Background

Rectovaginal fistula (RVF) is one of the most severe complications after radiation therapy for pelvic malignancy. Patients with RVF usually present with passage of air, stool, or even purulent discharge from the vagina [14]. In addition, patients also suffer from refractory anorectal symptoms of radiation proctitis, such as rectal bleeding, perianal pain, and tenesmus [5, 6]. Quality of life was thus severely impaired in these patients [7]. Notably, life expectancy is good for these RVF patients if no tumor relapsed. Therefore, how to control anorectal symptoms and improve quality of life is with great clinical value in both research and practice.

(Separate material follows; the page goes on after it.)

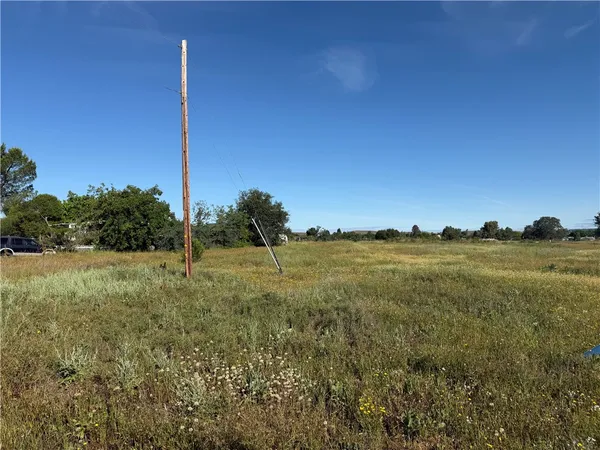 $35,000 | 0 Feather, Oroville, CA 95965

However, radiation-induced RVF remains a challenge [8]. Radiotherapy can not only damage normal anatomy and biological function but also lead to poor healing in the following reconstructive process [9]. A diverting stoma for these RVFs is preferred by many surgeons [10, 11]. The reasons include challenges of surgical techniques, high failure rates (75%) [8], and high mortality rates (30%) for other aggressive procedures [12, 13]. Whether leaving the damaged bowel in place would relieve symptoms or not is still unclear. The procedure that resected the mucosa of rectal lesion segment and pull down the normal bowel to make a coloanal anastomosis (Park’s procedure) is a classic option for extreme low rectal cancer after neoadjuvant chemoradiotherapy [1417]. Based on our extensive experience in Park’s procedure for rectal cancer, we tried a similar procedure but without mucosa resection for some radiation-induced RVFs in our center (the resection group). Meanwhile, other patients still received a simple colostomy to divert the stool (the diversion group). This study was to retrospectively compare the outcomes of two specific surgical options in controlling local anorectal symptoms of radiation-induced RVFs.

Methods

Patient enrollment

A total of 31 patients who underwent restoration resection of damaged bowel or simple colostomy for radiation-induced RVF were retrospectively included at the Sixth Affiliated Hospital, Sun Yat-sen University (SYSU) of China between Jan 2012 and Aug. 2015. Exclusion criteria: (1) multiple fistulas including vesico-enteric fistula (n = 2), (2) lost to follow-up (n = 1), and (3) tumor relapse within 3 months after surgery (n = 2) (Fig. 1). Finally, after exclusion, a cohort of 26 patients were enrolled in this study. Resection of damaged bowel with prophylactic colostomy was performed in ten cases and a simple colostomy was performed in the remaining 16 cases. The study was approved by the ethical committee of the Sixth Affiliated Hospital of SYSU and met the guidelines of local responsible governmental agency. Due to the retrospective nature of the study, informed consent was waived.

Fig. 1
figure 1

Patient enrollment flow

Symptoms scores, surgical indications, and follow-up

Symptoms of radiation-induced RVF were graded by the modified radiation proctopathy system assessments scale (RPSAS) (Table 1) [18]. According to this scale, 1 point represents free of a specific symptom. A score that was 1 point (no problem) after operation was considered a complete remission. In addition, the Wexner continence grading scale was used after the stoma was reversed [19].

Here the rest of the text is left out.